▶ _TO DO_:
Stop at the line that contains "Корпус JONSBO C6". Until then, set down each line of the records exactly, beginning with the first, and skip pictures.

Segment Open

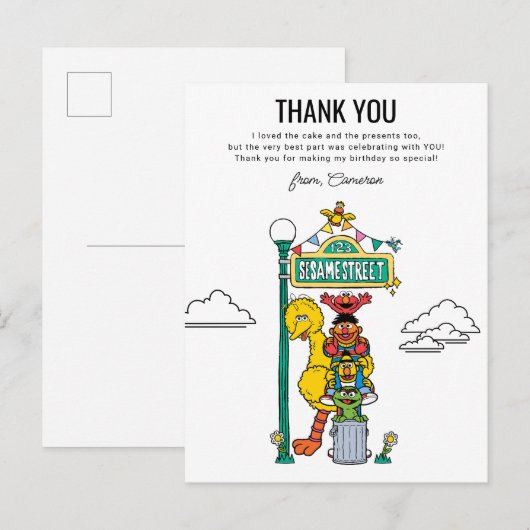 Sesame Street Characters & Street Sign Thank You P Briefkaart (Voorkant / Achterkant)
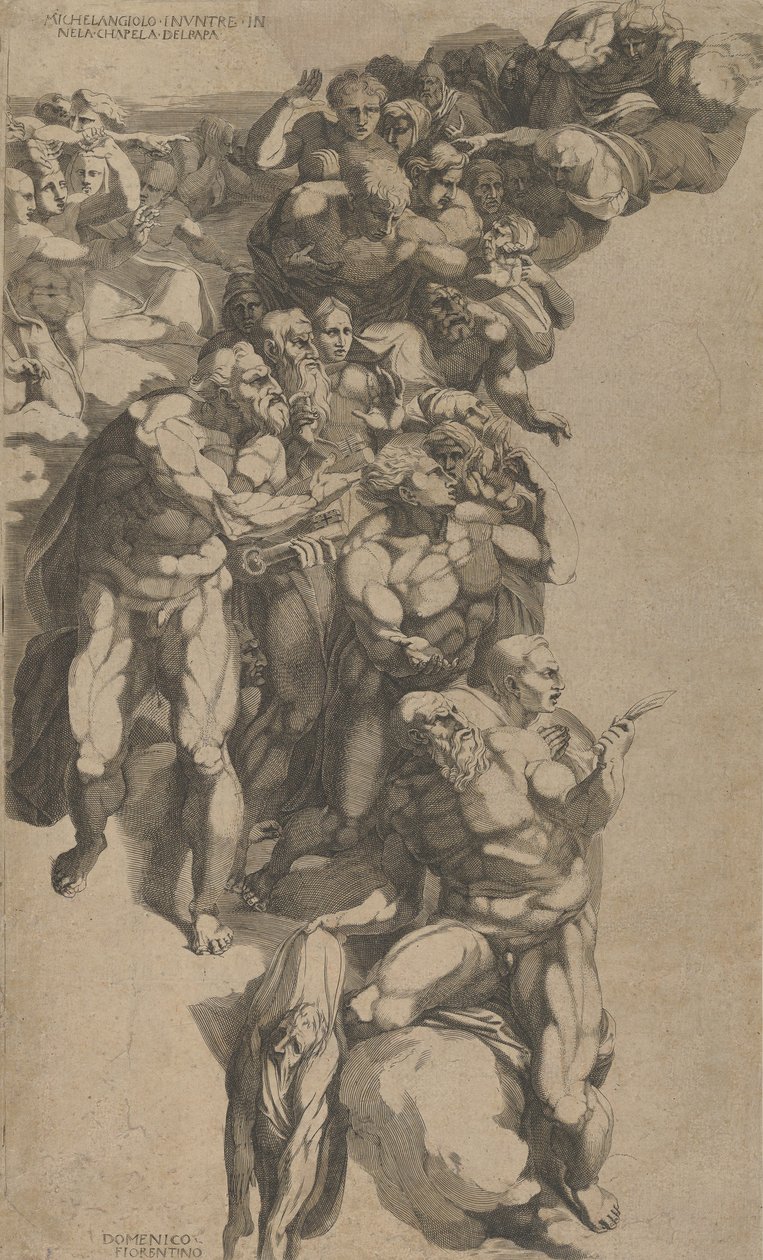 Son Yargıdan Grup, St. Bartholomew, St. Peter ve diğer Havariler, 16. yüzyıl. by Domenico del Barbiere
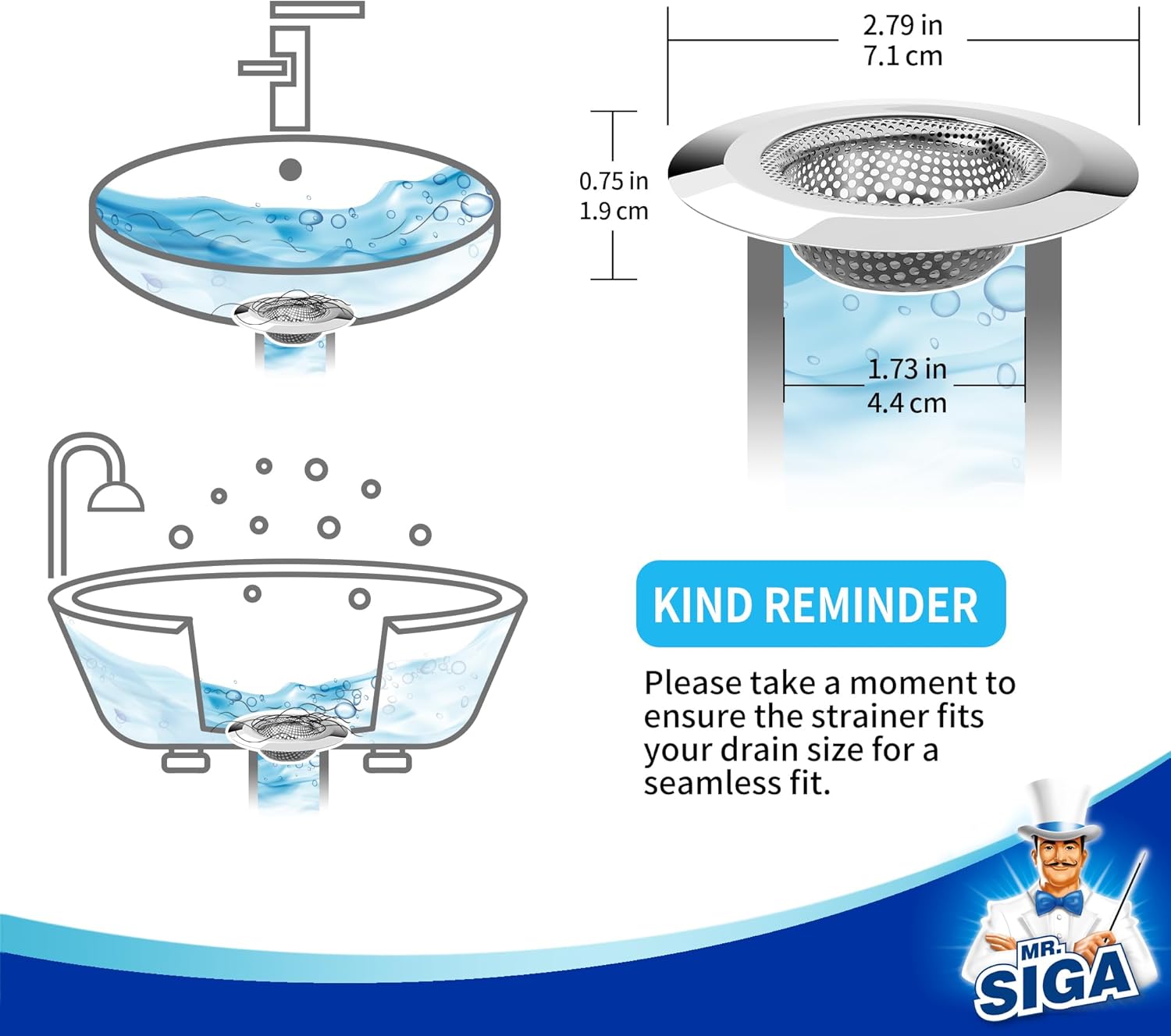 MR.SIGA Bathtub Drain Strainer, Stainless Steel Shower Bathtub Drain Hair Catcher, Bathroom Sink Drain Strainer, 3 Pack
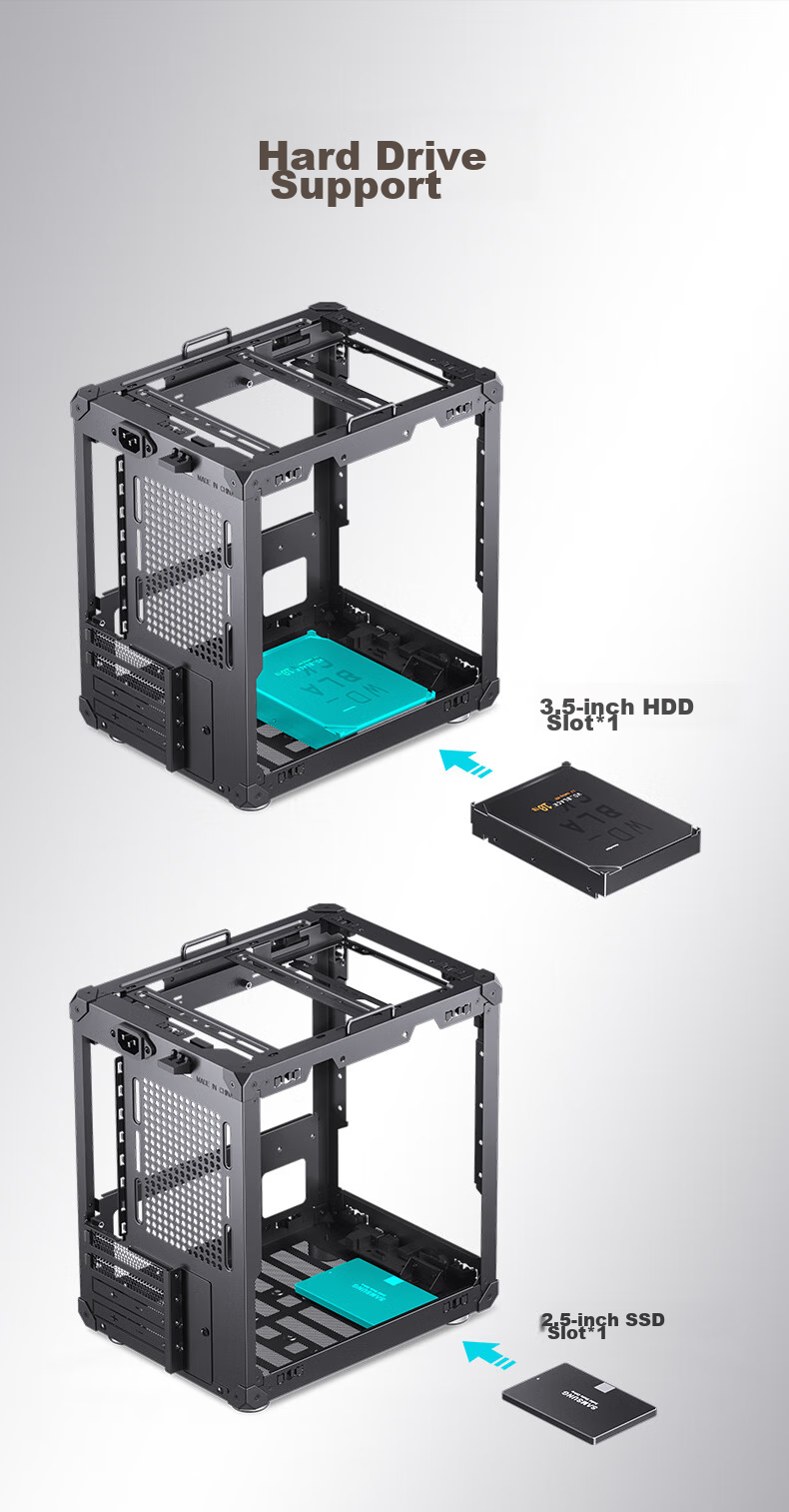 Корпус JONSBO C6 ITX Черный, Mini-ITX, ATX БП, 4 сетчатые панели, 3 вентилятора, Type-C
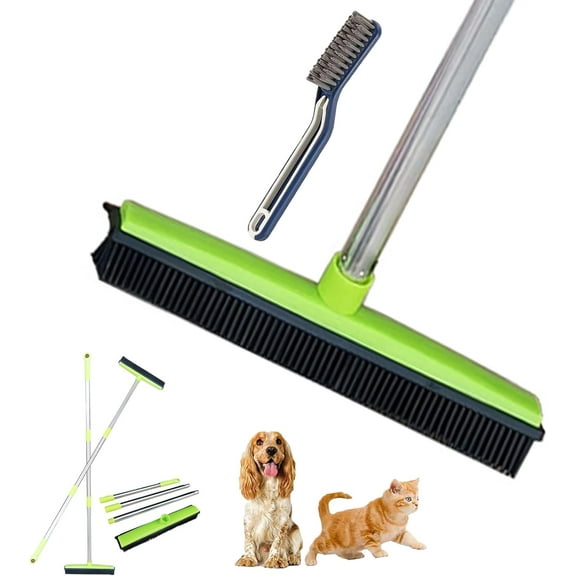 Petibo Pet Broom, Petibo Pet Fur Removal Broom, Petibopet Pet Hair Removal Broom, Rubber Carpet Broom Dog Hair Broom, Hair Broom for Carpet, Adjustable Handle Carpet Rake for Pet Hair Removal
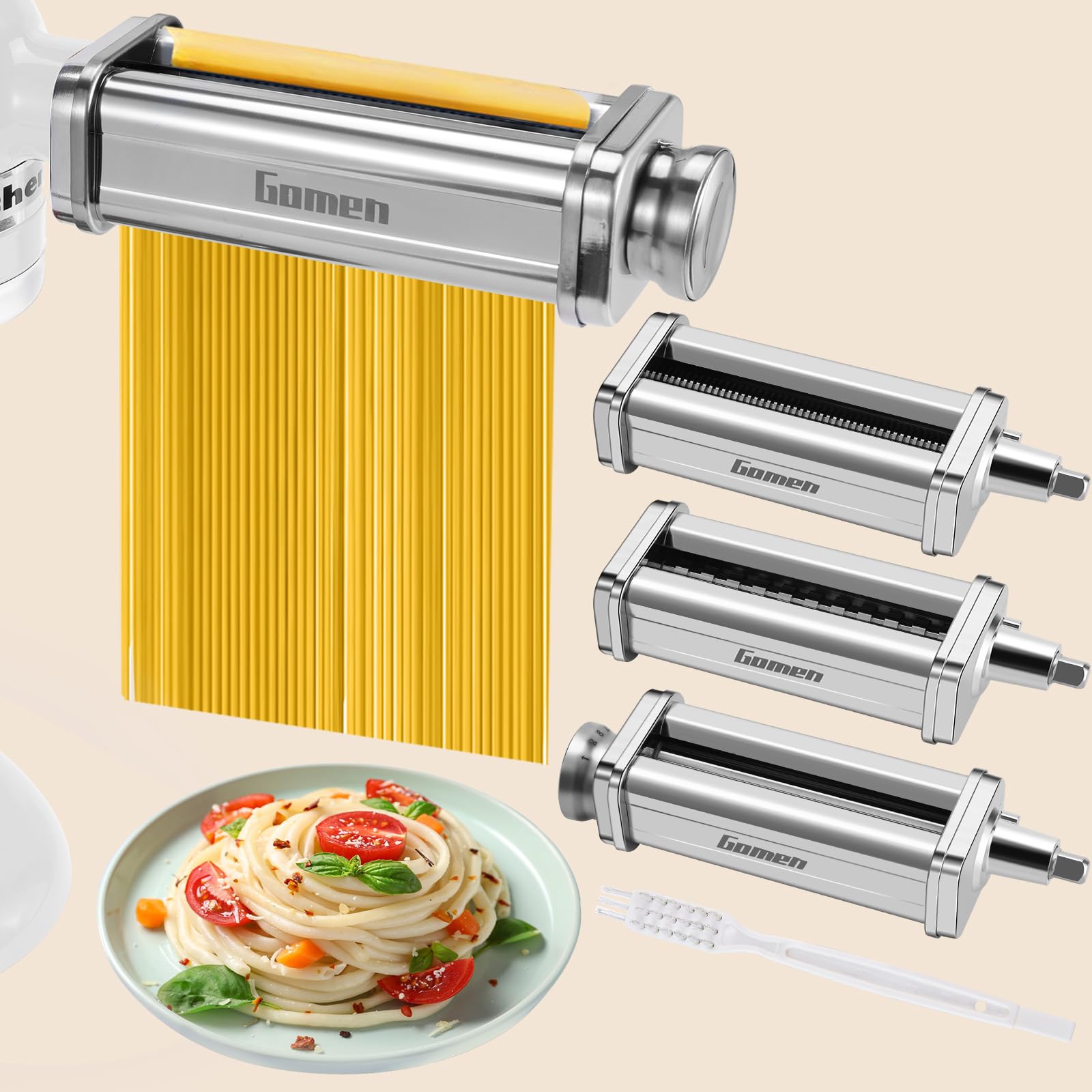 3-Piece Pasta Maker Attachment Set for KitchenAid Stand Mixer - Includes Pasta Roller, Spaghetti & Fettuccine Cutters | Homemade Fresh Pasta Accessories for Italian Cooking, Family Dinners & Restaurant-Style Meals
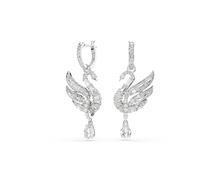 Swarovski Boucles d'oreilles Swan, en forme de cygne, avec créoles et pendants, cristaux Zirconia et Crystal Pearl, en métal rhodié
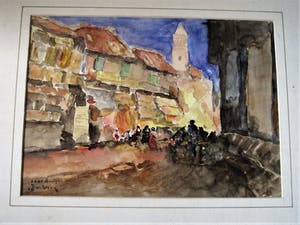Niet of onleesbaar gesigneerd - Fraaie oude Aquarel "Markt in de straten van Tanger" gesigneerd kopen? Bied vanaf 1!
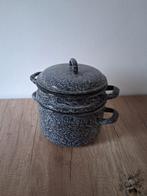 Vintage Emaille Kookpan met Stoominzet, Antiek en Kunst, Antiek | Emaille, Ophalen of Verzenden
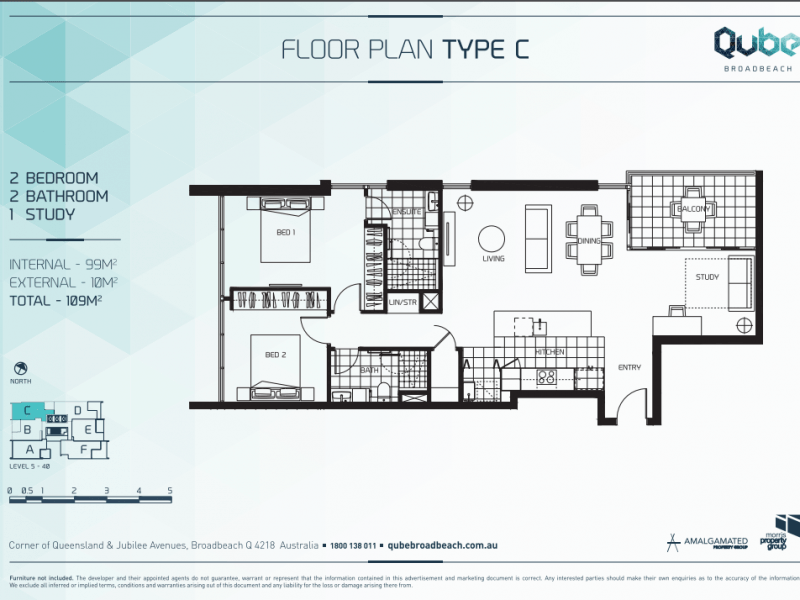 Qube Broadbeach Floor Plans Type C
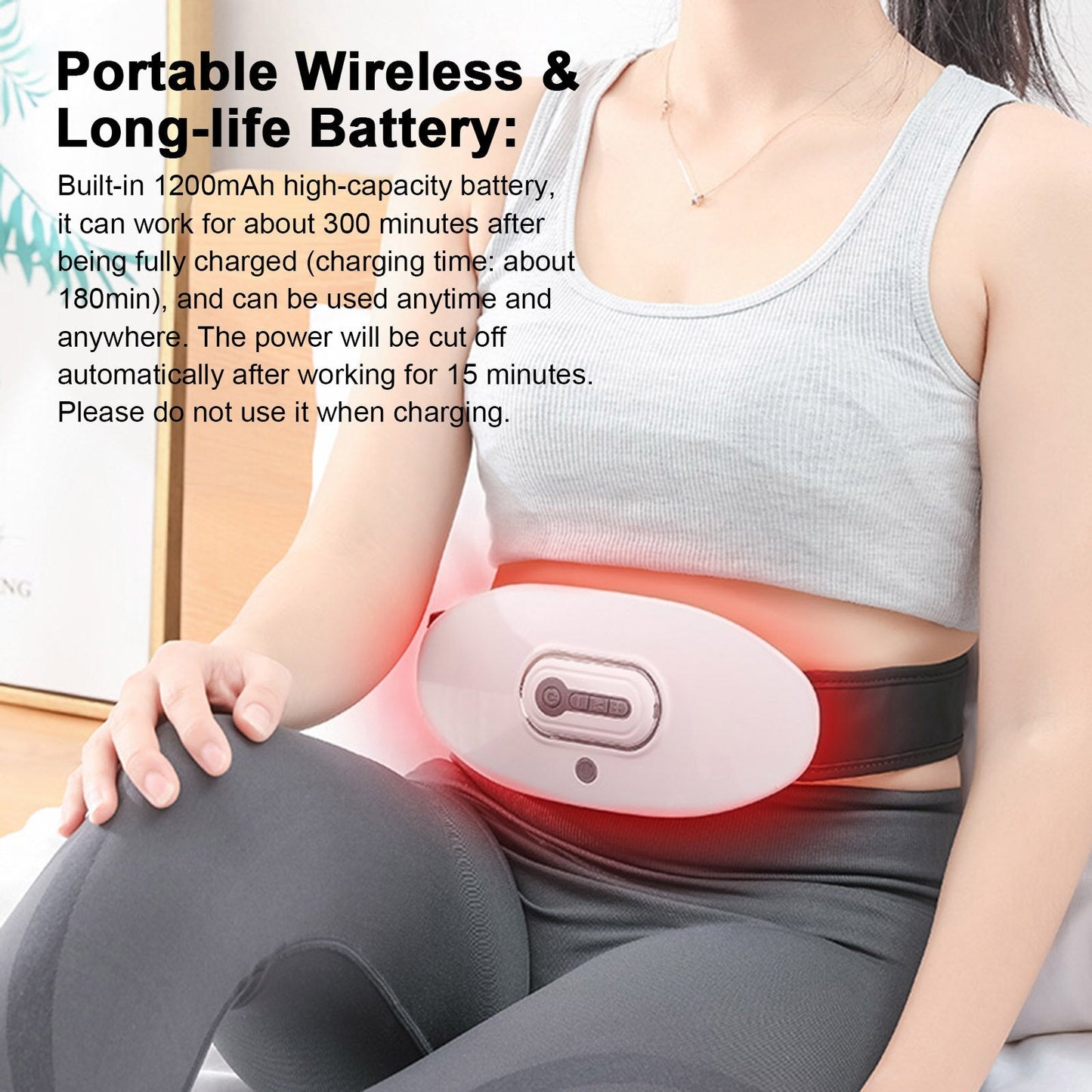 EMS Waist Massager Heating Pad for Back Pain Heat Belly Wrap Belt with 5 Modes Auto Shut Off for Lumbar Abdominal Leg Cramps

Segment Closed

▶ _SOLUTION TO THE PROBLEM_:
 Sesame Street Characters & Street Sign Thank You P Briefkaart (Voorkant / Achterkant)
 Son Yargıdan Grup, St. Bartholomew, St. Peter ve diğer Havariler, 16. yüzyıl. by Domenico del Barbiere
 MR.SIGA Bathtub Drain Strainer, Stainless Steel Shower Bathtub Drain Hair Catcher, Bathroom Sink Drain Strainer, 3 Pack
 Корпус JONSBO C6 ITX Черный, Mini-ITX, ATX БП, 4 сетчатые панели, 3 вентилятора, Type-C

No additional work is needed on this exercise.